Back then, the thin man had hope. Of a sort. The insane kind of hope that fuels people like a drug. It’s all they have. They draw on it like a crack pipe, even when they know that the hope itself has become an addiction. People say hate and bitterness will destroy you. They’re wrong. It’s hope. Hope will devour you from the inside like a parasite. It will leave you hanging like bait above a shark. But hope won’t kill you. It’s not that kind.

The thin man had been eaten up by hope. He had nothing left. Nothing but a lot of road miles and coffee club points.

Katie picked up his empty cup, wiped down the table.

“Can I get you another?”

“Table service?”

“Only for regulars.”

“Thanks, but I have to get going.”

“Okay. See you.”

He nodded again. “Yeah.”

That was the total sum of their conversations. Every conversation. She wasn’t sure if he even realized he was speaking to the same person each time he came in. She got the feeling that most people were just background to him.

Katie had heard that this was not the only coffee shop he visited, nor the only service station. Staff moved around, and they talked. So did the police officers who often came in. The rumor was that he spent every day and night driving up and down the motorway, stopping in different service stations, looking for the car that took his little girl. Searching for his lost daughter.

Katie hoped it wasn’t true. She hoped that the thin man could eventually find some peace. Not just for his sake. Something about him, his quiet desperation, scraped at a raw nerve. Most of all she hoped that one day, she would come into work, he would be gone, and she’d never have to think about him again.





Night driving. Gabe never used to like it. The flare of the oncoming headlights. The patches of unlit motorway where the road ahead seemed to melt away into infinite nothingness. Like driving into a black hole. He always found it disorienting. Darkness made everything look different. Distances changed, shapes distorted.

These days (nights), it was the time he felt most comfortable. Cocooned in the driver’s seat, playing something low and ambient. Tonight, Laurie Anderson. Strange Angels. It was the album he played the most. Something about the otherworldliness, the weirdness, resonated with him.
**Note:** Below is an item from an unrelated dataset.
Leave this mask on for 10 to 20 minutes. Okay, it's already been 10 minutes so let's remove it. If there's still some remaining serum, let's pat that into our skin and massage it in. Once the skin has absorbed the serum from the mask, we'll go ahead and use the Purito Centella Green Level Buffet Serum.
Seemed to fit his journey up and down the black tarmac.

Sometimes, he imagined he was cruising along a deep, dark river. Others, he was drifting through space, into eternal blackness. Strange, the thoughts that sleepwalk through your mind in the small hours, when you should be putting your brain safely to bed. But although he let his mind wander, he always kept his eyes firmly on the road, alert, on the lookout.

Gabe didn’t really sleep. Not properly. That was one of the reasons he drove. When he needed a break, more because he felt he should than because he felt tired, he pulled into one of the service stations he had come to know so well.
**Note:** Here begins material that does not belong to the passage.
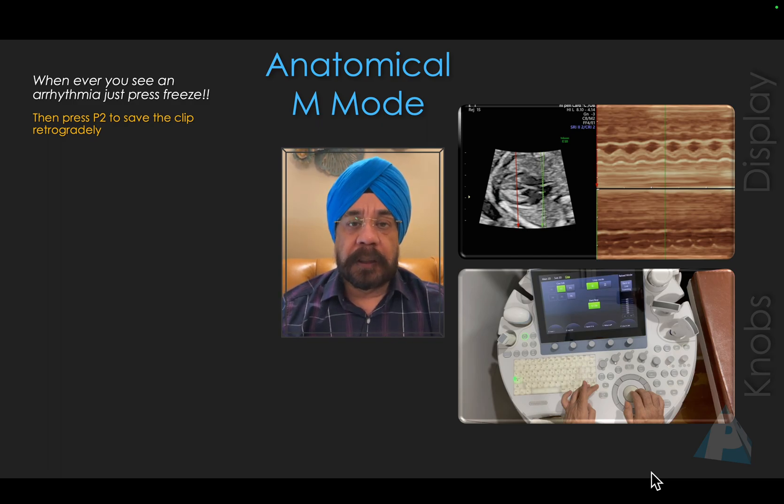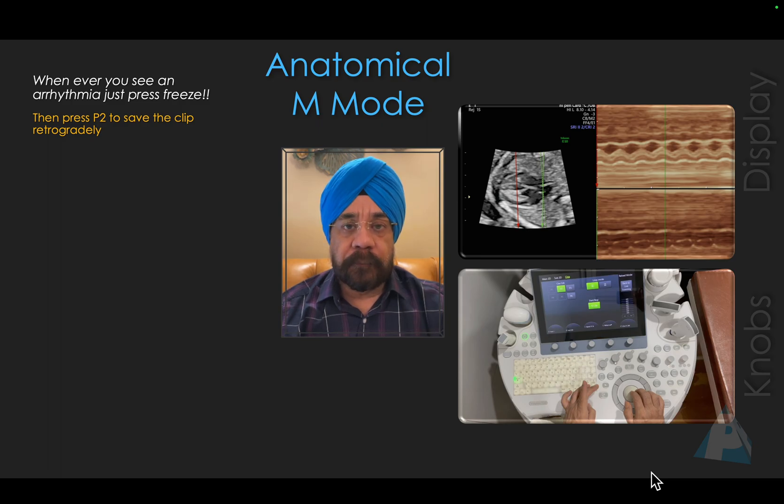Whenever you see arrhythmia, you are not on M-Mode — immediately freeze the image, then press P2 to save the clip retrospectively. Retrospective saving can be done once you freeze and press P2. It will save something like 12, 15, or 20 seconds depending on the machine settings you've configured.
He could list them all, up and down the M1: the facilities, the ratings and the distances between them. They were, he supposed, the closest things he had to any sort of home. Ironic, really, considering how much he used to dislike them. When he wanted more than just a refuel of black coffee, he parked his camper van in one of the HGV bays and lay down in the back for a couple of hours. He often resented the time he was wasting, not doing anything, not searching. But, while his mind never rested, his eyes, wrists and legs needed the respite. Sometimes, when he climbed from the driver’s seat, it felt as though he were a stooped Neanderthal attempting to stand vertical for the very first time. So he forced himself to close his eyes, stretch out his six-foot-three frame as much as he could in the camper van for a maximum of 120 minutes every twenty-four hours. And then he got back on the road.

He had everything he needed with him. Toiletries, a few changes of clothes. Sometimes a trip to the launderette necessitated a small detour off the motorway and into a town. He didn’t like these trips. They reminded him too much of the normality of most people’s everyday lives. Shopping, work, meeting for a coffee, taking the kids to school. All things he no longer did. All the things he had lost, or let go.
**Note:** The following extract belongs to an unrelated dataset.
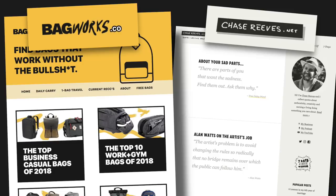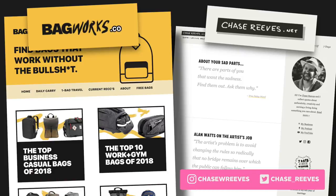Go to bagworks.co and get on the email list — I'm doing bag giveaways! The email list isn't that big, so if you're on it long enough you'll probably get a free bag. I'll never spam you. See all those bags back there? Those are all waiting to be given away. Bagworks.co — get on the email list. Also check out chasereeves.net.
On the motorway, in the service stations, normal life was suspended. Everyone was on their way somewhere, at a point in between. In neither one place nor another. A little like Purgatory.

He kept his phone and laptop close, along with two spare chargers and several battery packs (he would never make that mistake again). When he wasn’t driving, he spent his time drinking coffee, scanning the news—just in case there was any news—and checking the missing-persons websites.

Most of these were little more than noticeboards. They ran appeals for the missing, posted updates on progress, held events to raise awareness. All in the desperate hope that someone out there might see something and get in touch.

He used to trawl them religiously. But after a while it got to him: the hope, the desperation. The same photographs again and again. The faces of people who had been missing for years, decades. Preserved in a camera flash. Their hairstyles becoming more dated, their smiles more frozen with each missed birthday and Christmas.

Then there were the new faces that appeared almost daily. Still with an echo of life. He imagined that a dent remained in their pillows, a toothbrush hardened in a holder, and the clothes in their wardrobe still smelled of fresh laundry and not yet of mold and mothballs.

But it would happen. Just like the others. Time would roll on without them. The rest of the world would continue to its destination. Only their loved ones would remain on the platform. Unable to leave, unable to abandon their vigil.